Flowers Foods made three acquisitions in 2015: Dave's Killer Bread of Milwaukie, Oregon, for $275 million in cash; Alpine Valley Bread Co., an organic bakery in Mesa, Arizona; and the North American rights to the Roman Meal trademark for bread, buns, and rolls. At the end of 2018, Flowers Foods acquired Canyon Bakehouse, a privately held gluten-free bread company based in Johnstown, Colorado. With that purchase, the company had acquired 16 companies since 2003.
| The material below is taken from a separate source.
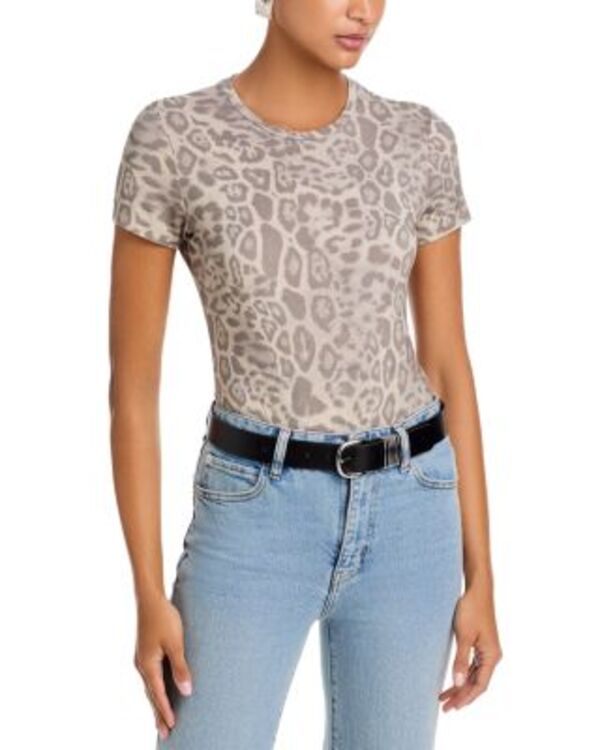 ラジャンス レディース トップス Tシャツ クルーネック プリント L'AGENCE Ressi Leopard Print Crewneck Tee Grey Multi Patch Leopard グレー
Flowers Foods bought Papa Pita for an undisclosed amount in 2023. Most recently, in the first quarter of 2025, Flowers Foods acquired Simple Mills for $795 million in cash.

== Heritage Center ==
The Flowers Foods Heritage Center is housed in a historic building in Thomasville, Georgia. Constructed in 1919, the building initially served as the local post office and was later repurposed as the Thomas County Public Library. After the library relocated to the corner of Jefferson and Madison Streets on May 13, 1993, the structure remained vacant for over two decades.

In 2015, Flowers Foods acquired the property and funded a comprehensive restoration of the two-story building and its basement. Register Construction managed the project, which included exterior excavation and waterproofing, interior demolition, the installation of an elevator, and finishes corresponding to the building’s Victorian Architecture. The project was completed two months ahead of schedule, and the renovation subsequently received an Excellence in Rehabilitation Award from the Georgia Trust for Historic Preservation.

The Flowers Foods Heritage Center officially opened on May 24, 2019, featuring a self-guided, interactive exhibition titled "History in the Baking." The exhibit details the company's 100-year evolution from a local, family-owned bakery into a multi-billion-dollar enterprise listed on the New York Stock Exchange. Additionally, the center features displays dedicated to the regional history of Thomasville, the architectural history of the building, and the genealogy of the Flowers family.